Topic:        Behaviour of Light.

Sub-topic: Reflection of light from plane surfaces.

Introduction:
At home we use mirrors in our wardrobes and bathrooms. We often carry them in our
hand bags, plane mirrors have many uses in our daily lives. We can use either one
mirror or a combination of mirrors to make useful and interesting devices. Children
like playing with mirrors. They see their images in them but can’t touch them.

Time: Min: 200minutes. Maximum 240minutes.

Brief description of subtopic.
This subtopic explores the properties of images obtained using a single plane mirror
and a combination of plane mirrors. The laws of reflection are used to provide an
explanation for the observations made. Equipped with these principles one is able to
devise optical devices using a plane mirror or a combination of plane mirrors.

Content: Laws of reflection, regular and irregular reflection, properties of images in
plane mirrors, simple periscope, mirrors inclined to each other, the kaleidoscope.

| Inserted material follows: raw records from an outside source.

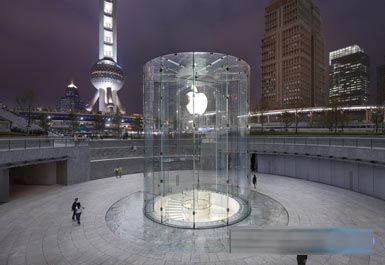 标志性入口资料下载-上海苹果店建造引人注目的玻璃入口亭台 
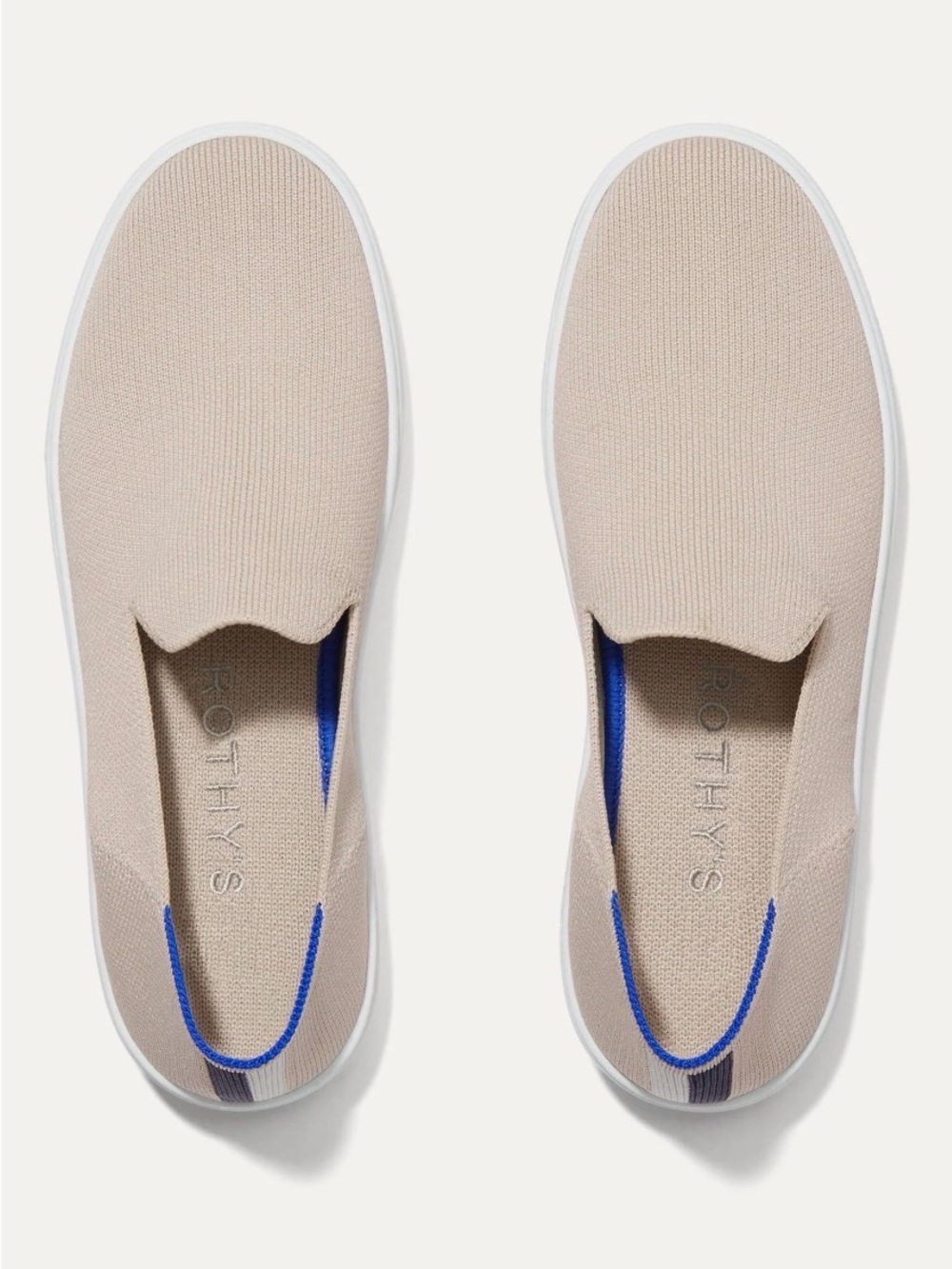 Rothy's Beige Knit Slip-On Loafers with Blue Accents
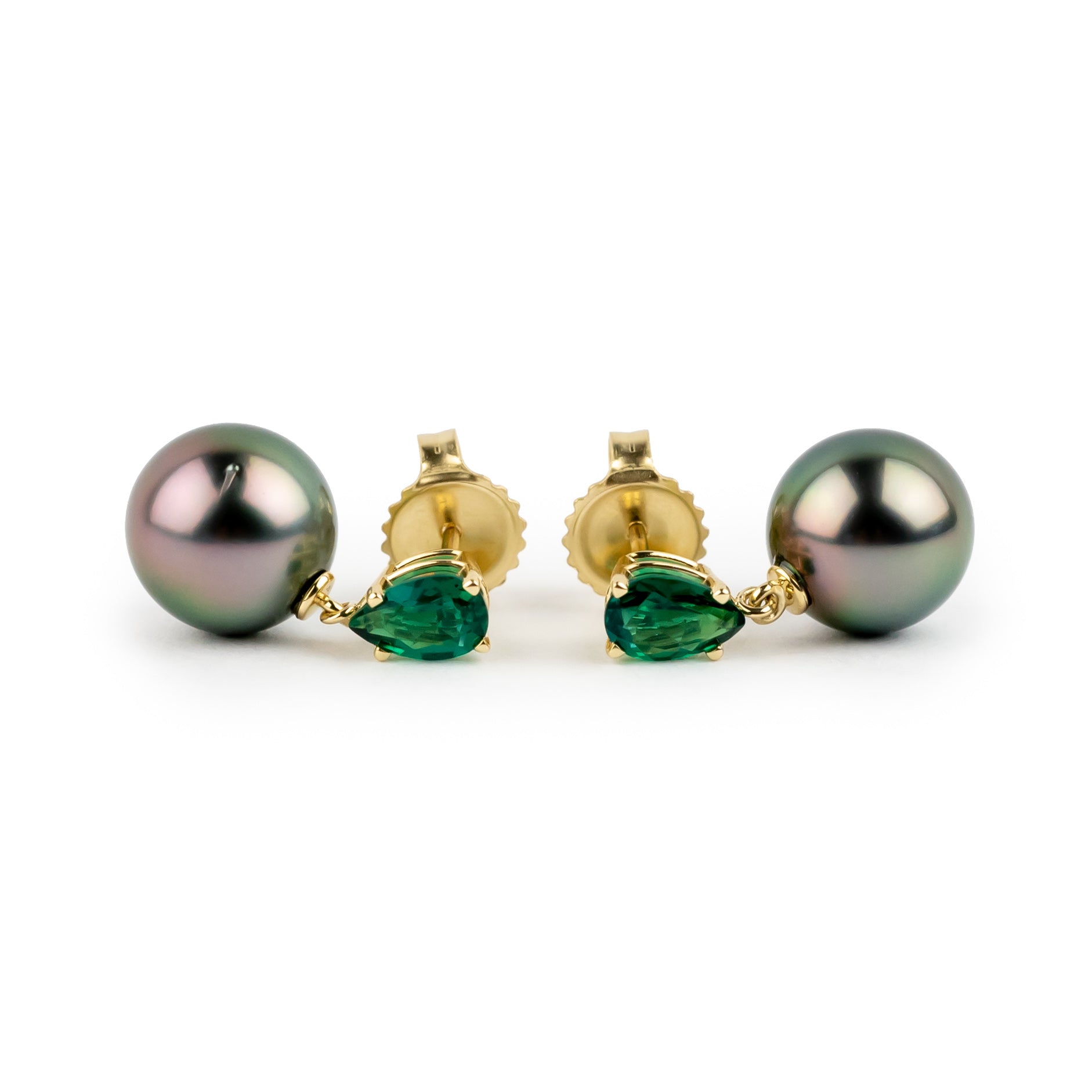 Tahitian Pearl & Emerald Sirène Earrings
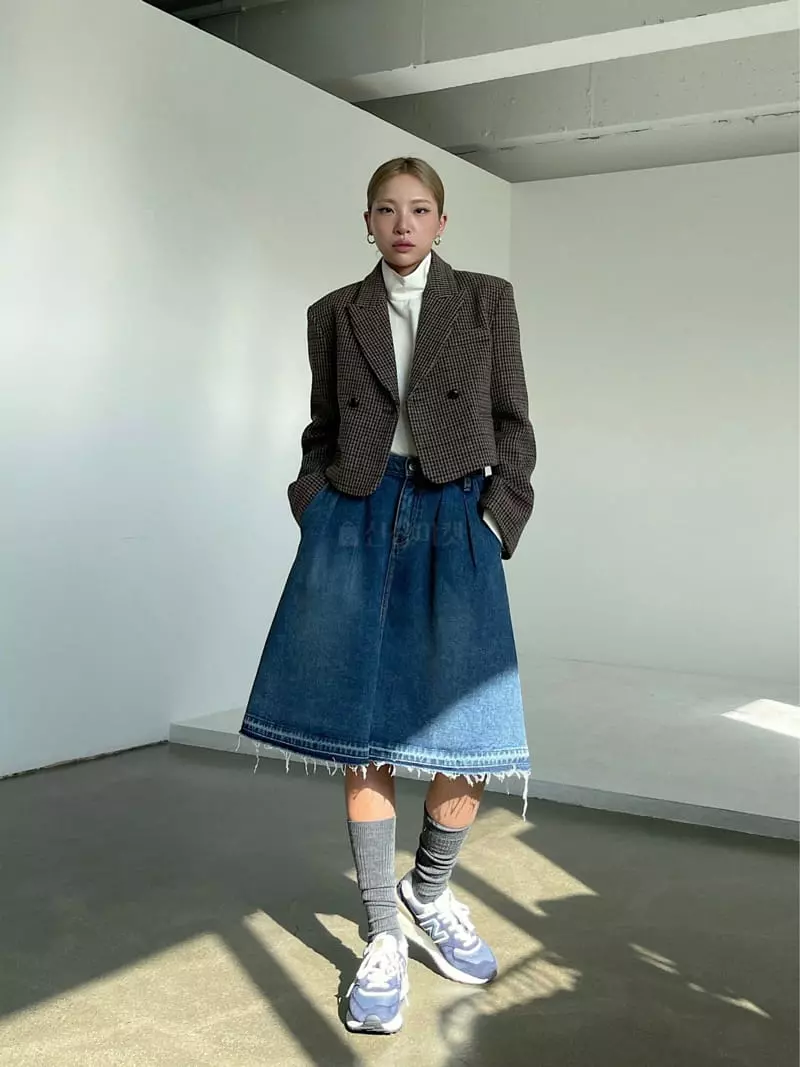 Creamvilla - Korean Women Fashion - #momslook - Indigo Jacket - 2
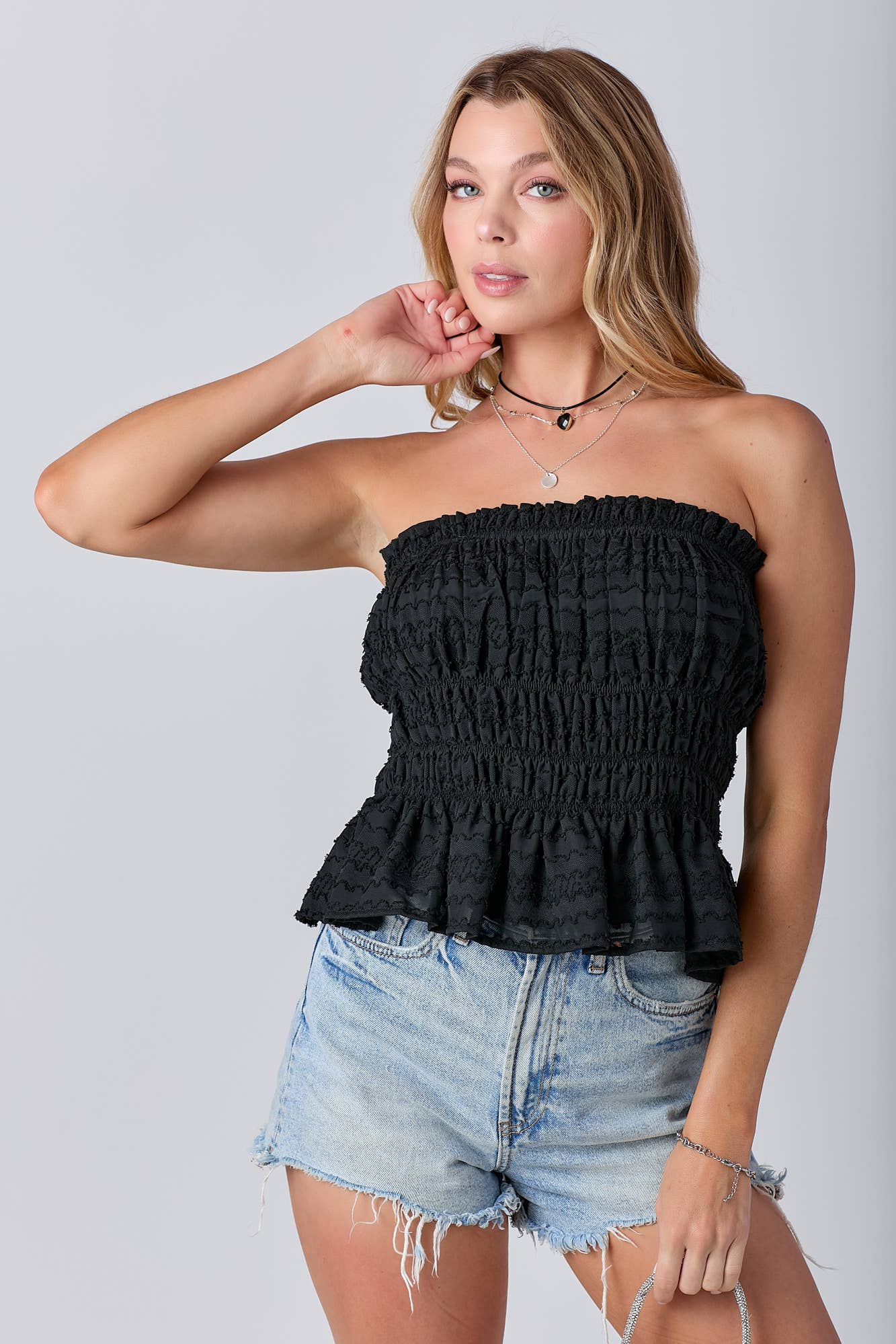 BABY PINK - Venta al por mayor Jersey corto de punto - Mujer - Top de tubo fruncido con volantes sin tirantes12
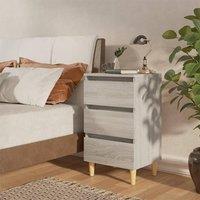 Bed Cabinets with Solid Wood Legs 2 pcs Grey Sonoma 40x35x69 cm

Learning objectives: learners should be able to;
i.   State the laws of reflection.
ii.   Experimentally verify the laws of reflection.
iii.   Describe the images formed by plane mirrors.
iv.   Construct a simple periscope and kaleidoscope.

Teacher’s Notes.

1
Reflection in Plane Mirrors

AO = Incident ray
OB = Reflected ray
ON = normal to mirror
i = angle of incidence
r = angle of reflection.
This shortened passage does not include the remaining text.